Türkiye’de milyonlarca çalışanı doğrudan ilgilendiren asgari ücret süreci yeniden başlıyor. 2026 yılında geçerli olacak ücret için Asgari Ücret Tespit Komisyonu, ilk toplantısını 12 Aralık Cuma günü gerçekleştirecek. Ancak toplantıya sayılı gün kala komisyonun yapısı ve temsil gücü üzerine tartışmalar alevlendi.
Türk-İş ve Hak-İş’in, mevcut yapının işçi kesimini yeterince temsil etmediği gerekçesiyle toplantılara katılmayacağını duyurması, sürecin daha ilk aşamada siyasetin ve kamuoyunun merceği altına girmesine neden oldu. Buna rağmen milyonlarca çalışan ve aileleri için gözler, komisyonun vereceği kararda.

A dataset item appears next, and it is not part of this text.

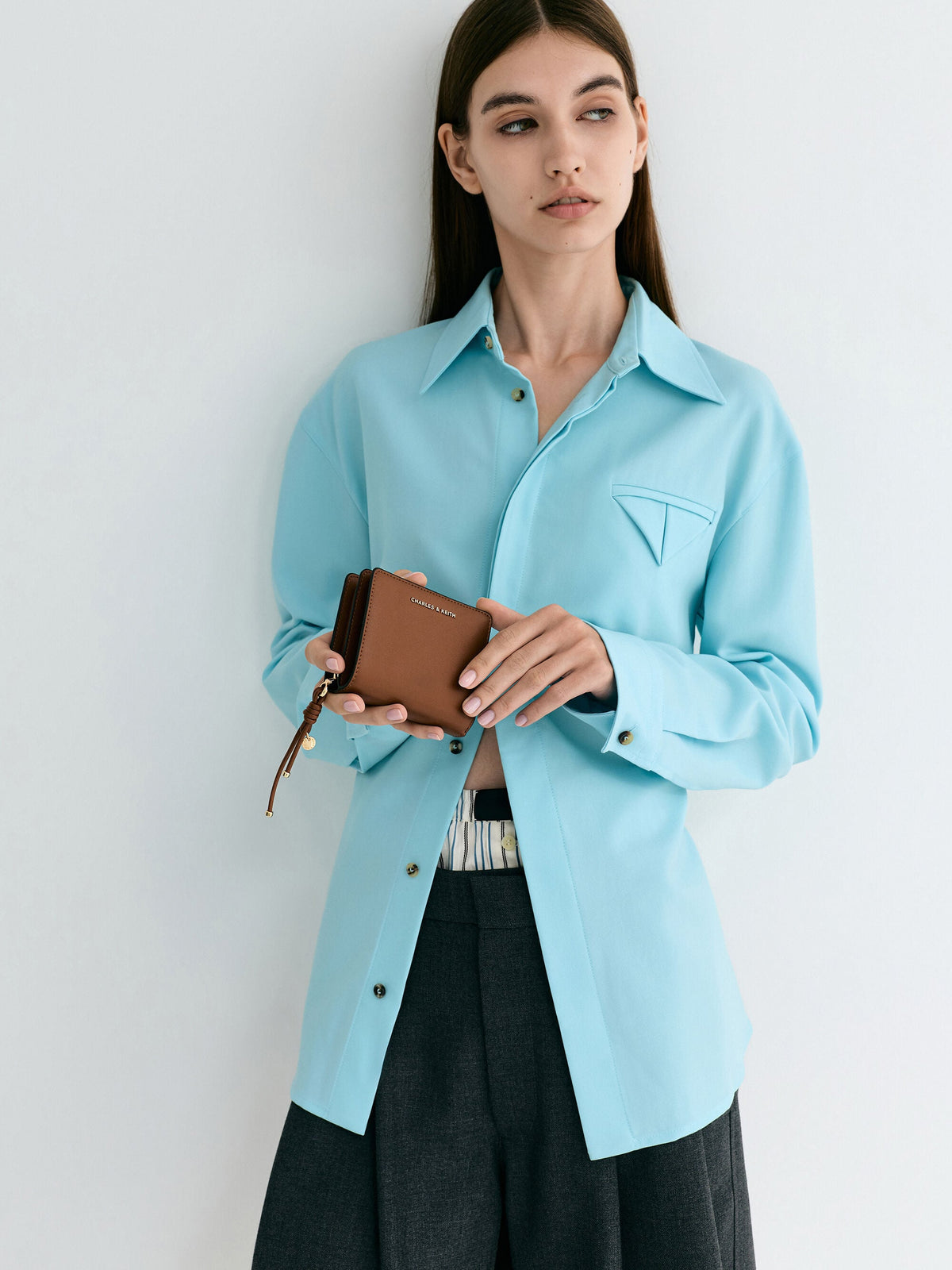 Everleigh Zip-Around Small Wallet - Chocolate | CHARLES & KEITH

Toplumun büyük çoğunluğu yüzde 50 zamda birleşti
Komisyonun toplanacağı haftaya girilirken, kamuoyunun talebi netleşti. Metropoll Araştırma’nın kasım ayı çalışması, asgari ücret konusunda toplumun siyasal çizgilerden bağımsız biçimde ortak bir beklentide buluştuğunu ortaya koydu. Ankete katılan yurttaşların yüzde 75’i, net asgari ücretin en az yüzde 50 artışla yaklaşık 33 bin 150 TL seviyesine çıkarılması gerektiğini düşünüyor.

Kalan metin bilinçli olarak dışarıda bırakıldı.